TASK GOAL:
Among the entries below, only the lines from the one with "Garden Room.jpg" through the one with "Honda Amaze 2013 Diesel Well Maintained" are to be retyped, exactly and without pictures.
=== DATA FOR THIS TASK ===
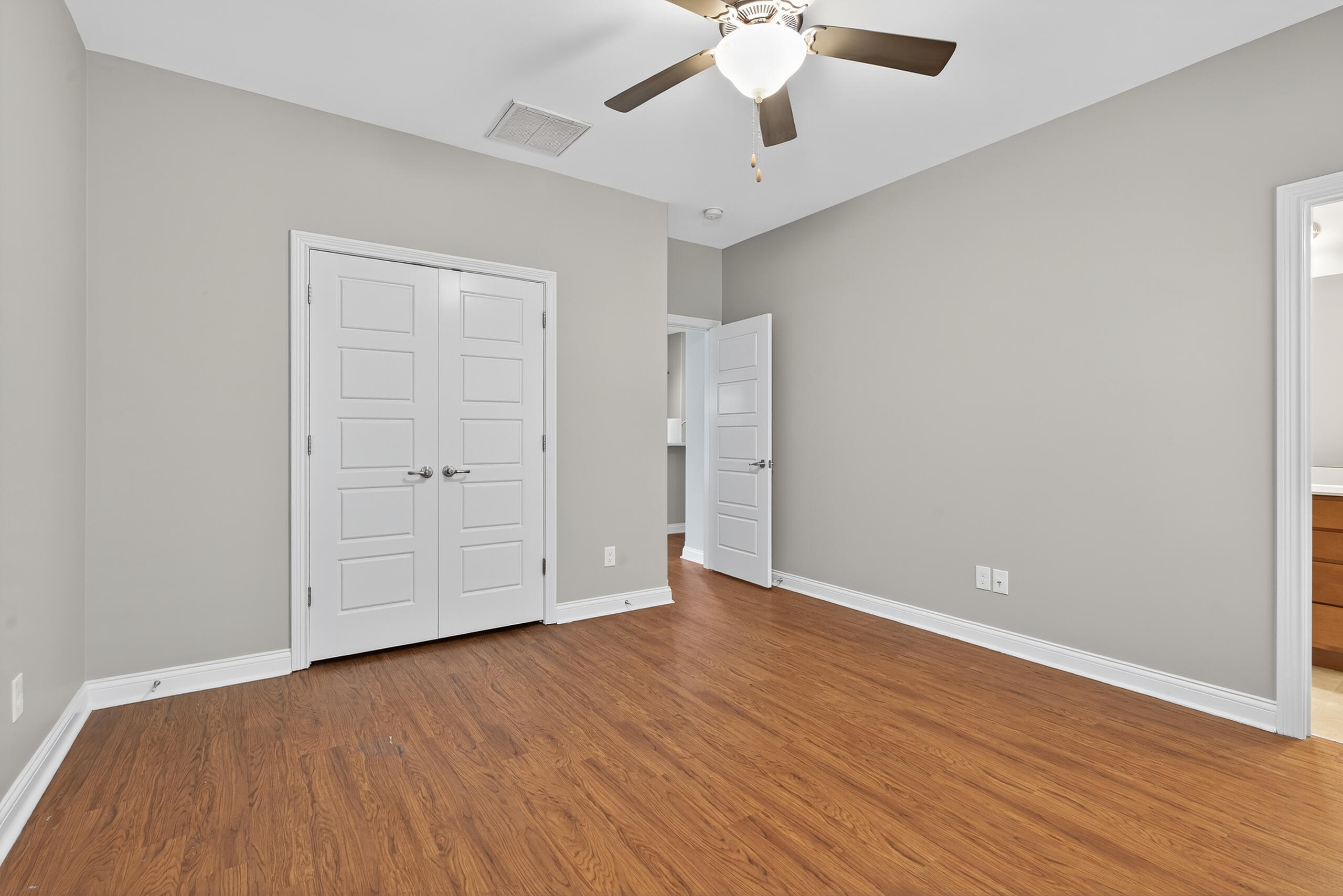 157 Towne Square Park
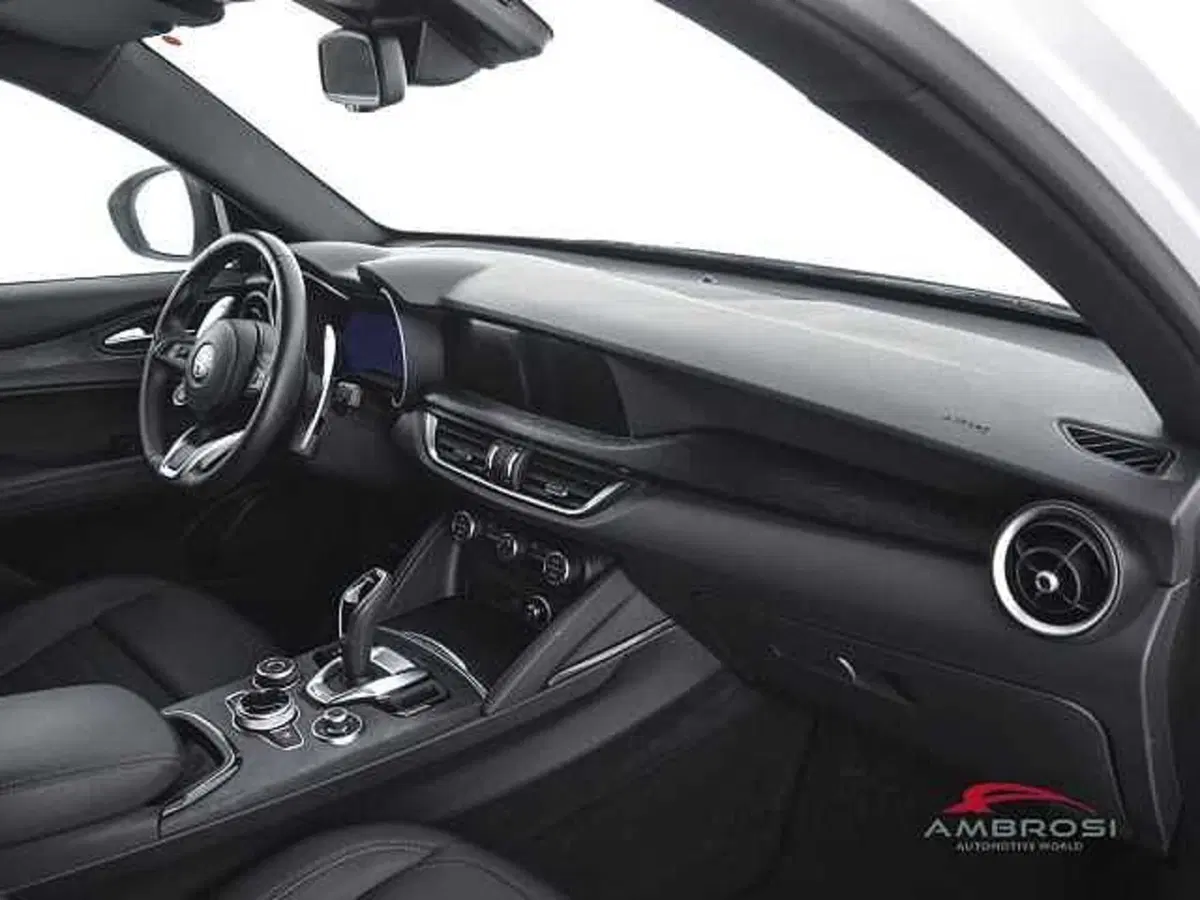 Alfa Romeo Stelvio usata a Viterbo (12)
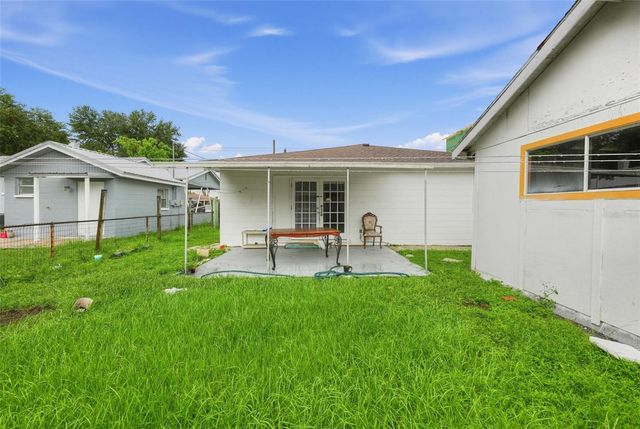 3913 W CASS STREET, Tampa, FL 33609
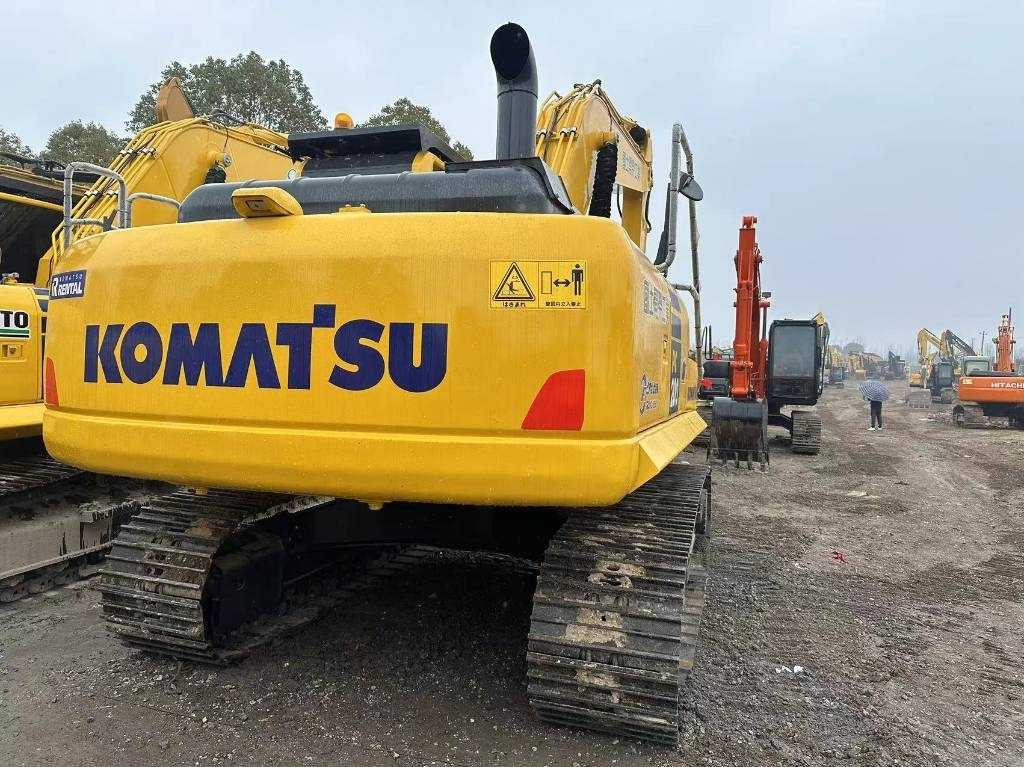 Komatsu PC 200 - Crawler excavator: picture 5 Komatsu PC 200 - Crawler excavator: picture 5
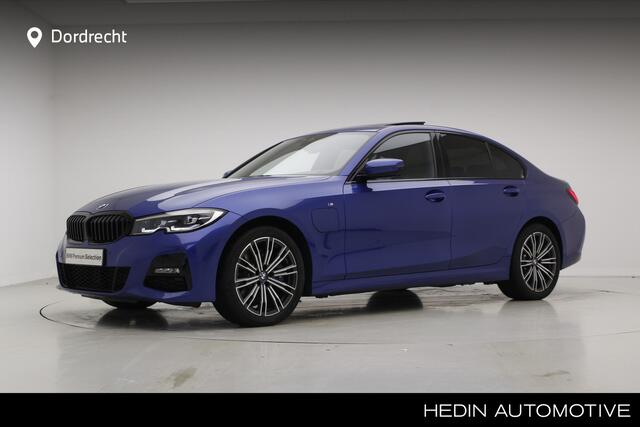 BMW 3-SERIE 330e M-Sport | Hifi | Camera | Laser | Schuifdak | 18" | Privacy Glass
===
=== DATA FOR THIS TASK ===
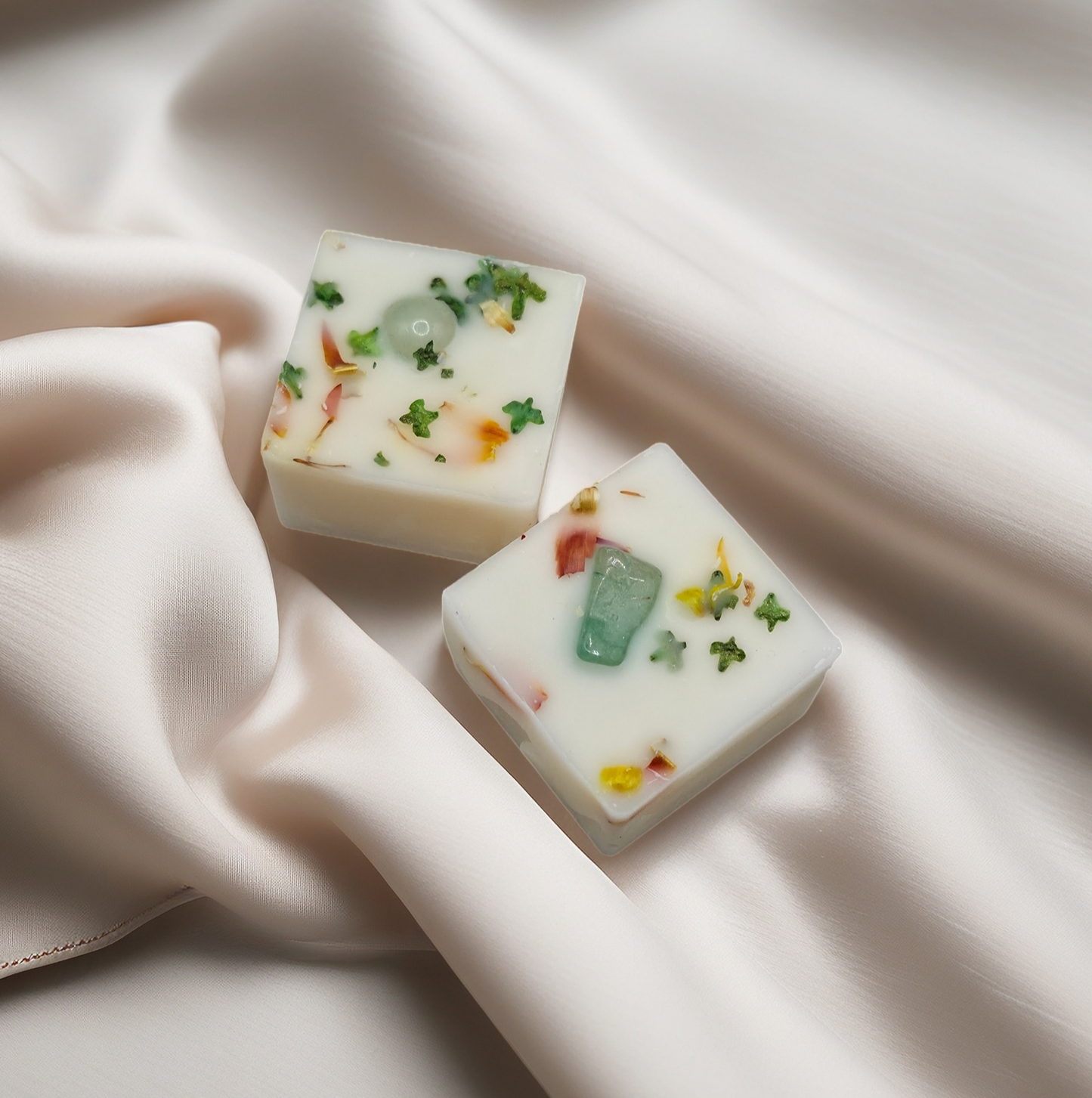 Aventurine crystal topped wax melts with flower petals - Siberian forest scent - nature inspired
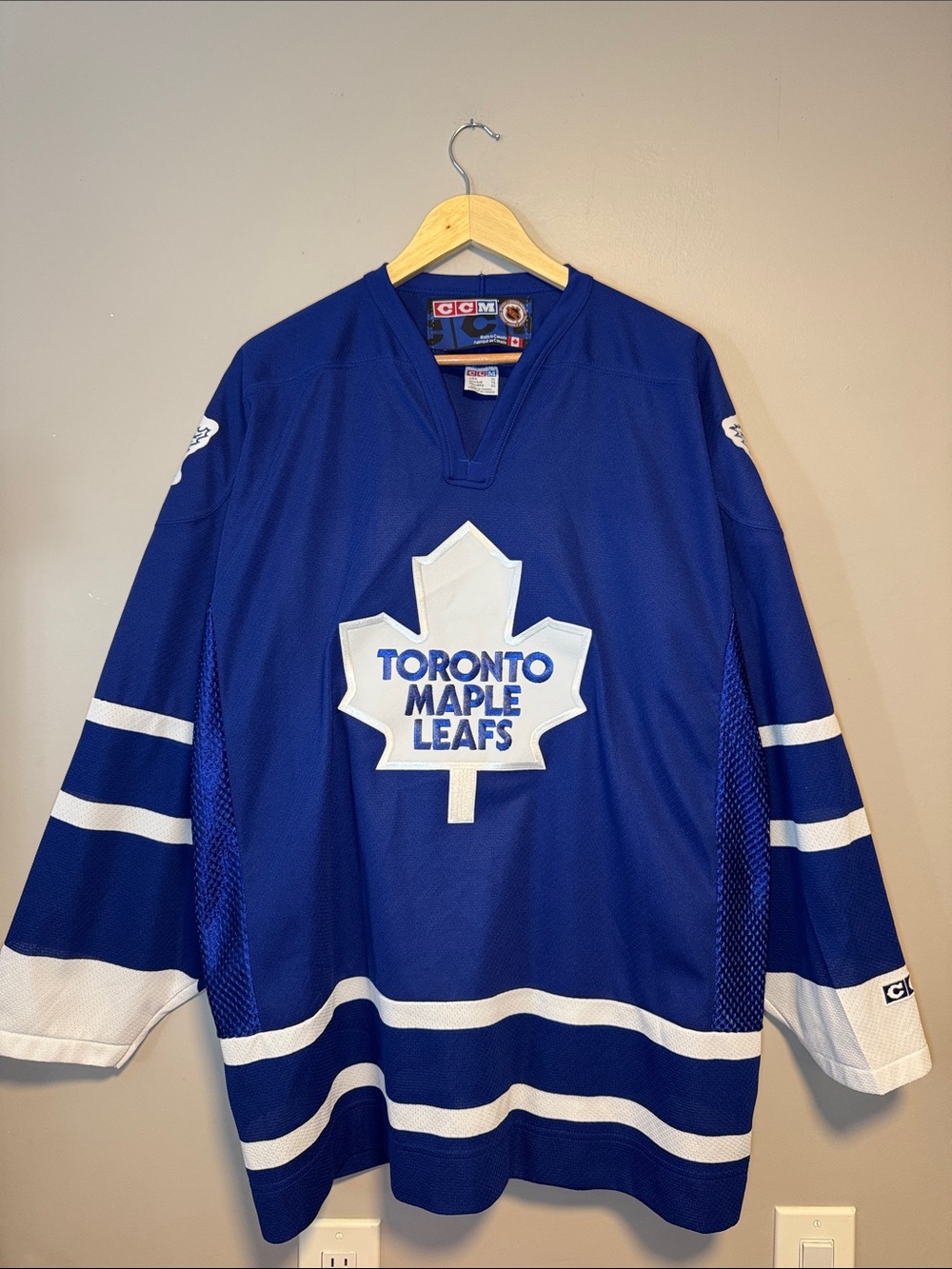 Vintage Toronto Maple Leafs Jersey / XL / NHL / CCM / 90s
===
=== DATA FOR THIS TASK ===
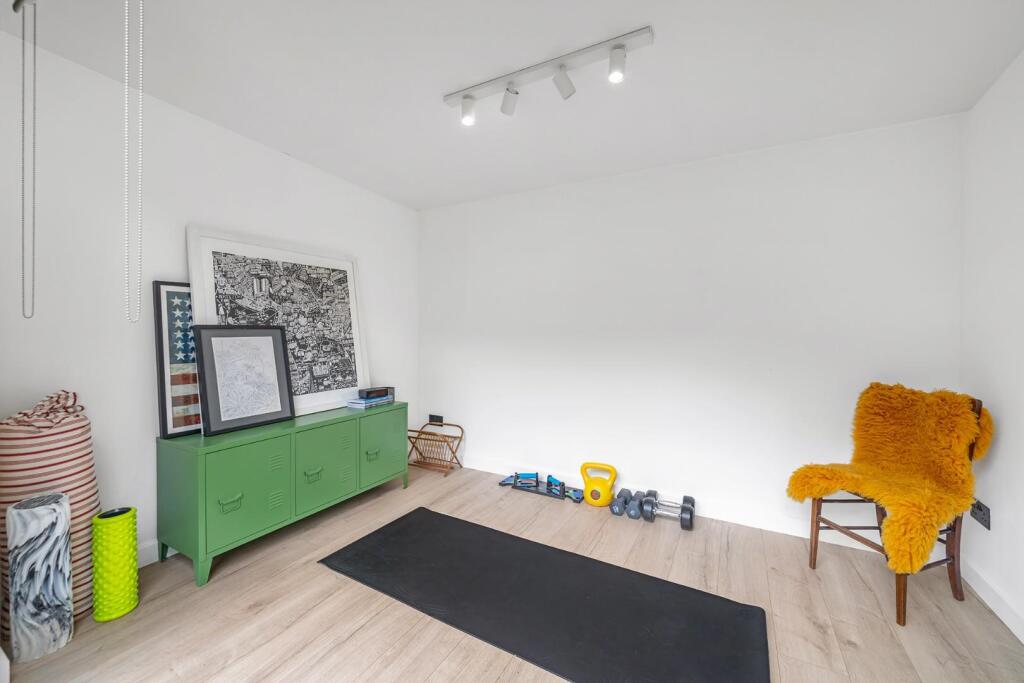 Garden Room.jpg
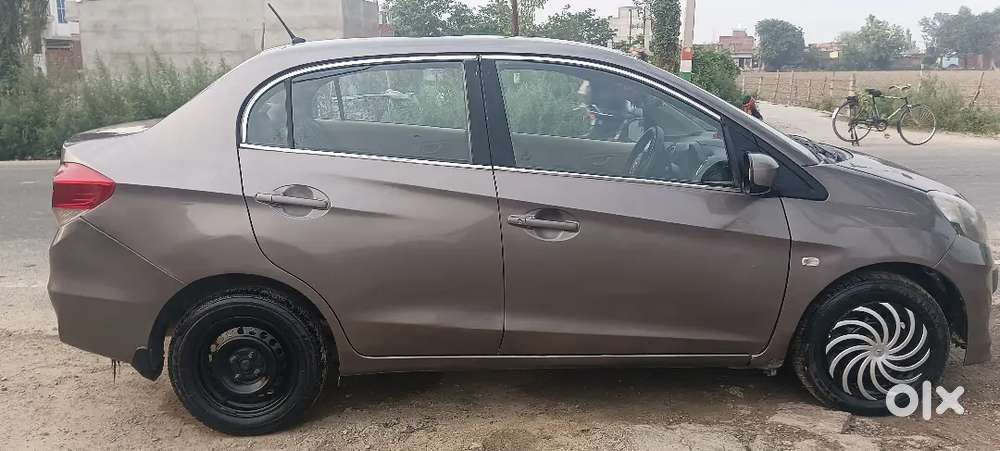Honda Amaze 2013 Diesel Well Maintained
===
FINAL ANSWER:
 Garden Room.jpg
Honda Amaze 2013 Diesel Well Maintained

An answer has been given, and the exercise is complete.